We try to make KICS documentation as crystal-clear as possible, containing everything about the project, including roadmaps, tutorials on how to use, or how to contribute. Moreover, we set up a KICS community using Gitter. Some fellows started commenting outward, asking questions, and providing feedback right away.

KICS Management – Taming the beast

The team works in an agile way, following a Kanban approach. Managing the work this way becomes easy as we can naturally take advantage of GitHub integrated management capabilities.

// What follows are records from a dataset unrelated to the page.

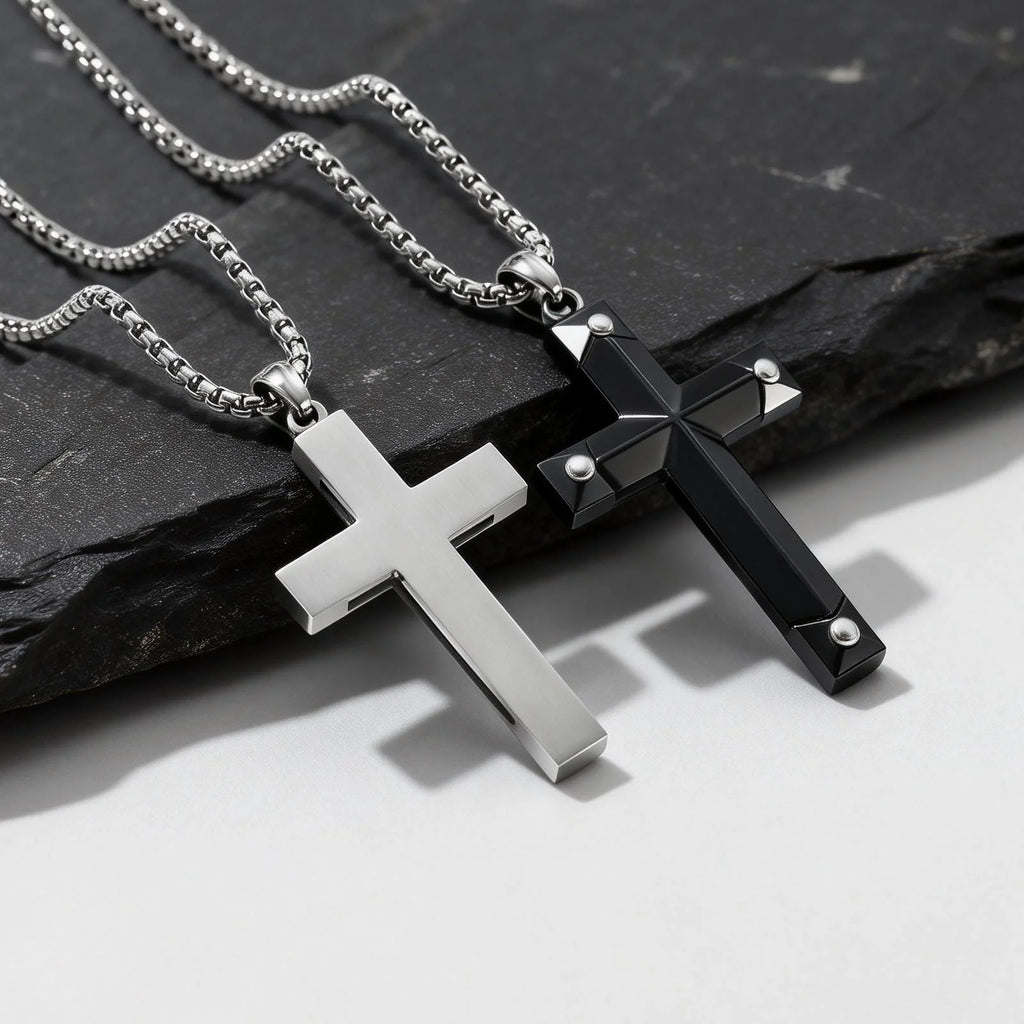 Luxury Natural Black Onyx Cross Necklace for Men,Waterproof Stainless Steel Cross Pendant,Jewelry Gift for Husband
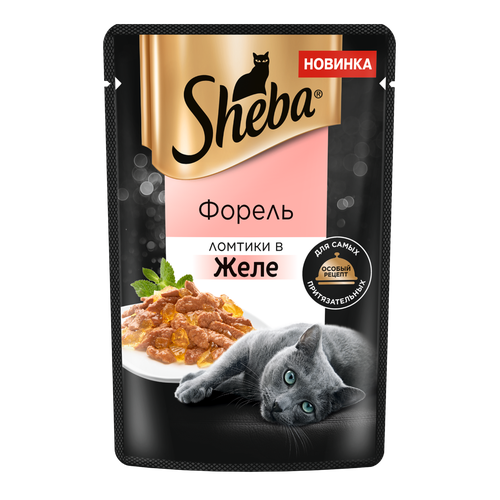 влажный корм для кошек sheba ломтики в желе с курицей 75г Влажный корм для кошек Sheba® Ломтики в желе с форелью, 75г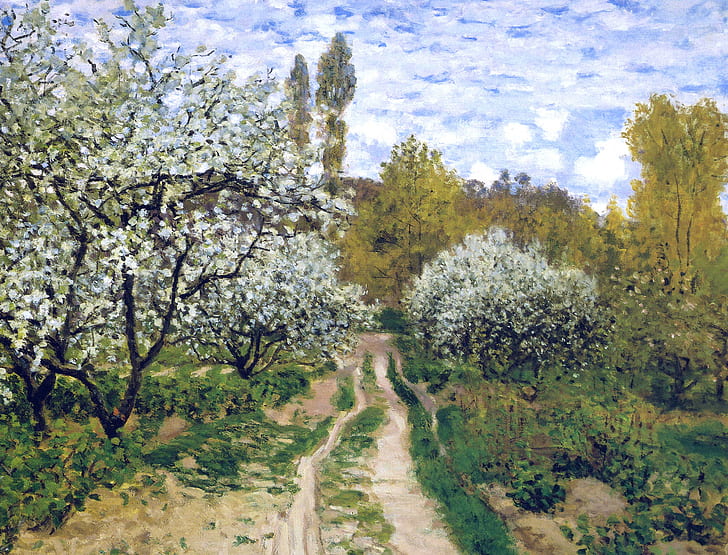 landscape, picture, spring, garden, Claude Monet, Trees in Bloom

We divided the work into projects and defined milestones to better organize the issues and requests to handle. Labels are applied to each opened issue allowing an easy understanding of their nature: bugs, features, security, query, enhancements, you name it.
To guide and better manage contributions from KICS users, we defined templates for bugs, features, new queries, and pull requests. With templates, we require important information and ultimately standardize the quality with which work is described.
Overall, KICS involves a multidisciplinary team of architects, developers, DevOps, and managers. It already has a few followers’ contributions and many more are expected soon.  And you, dear reader, are more than welcome to contribute as well. It does not matter whether it is by just following the project, providing feedback, opening issues or feature requests, submitting code changes, or just using KICS to keep your IaC secure.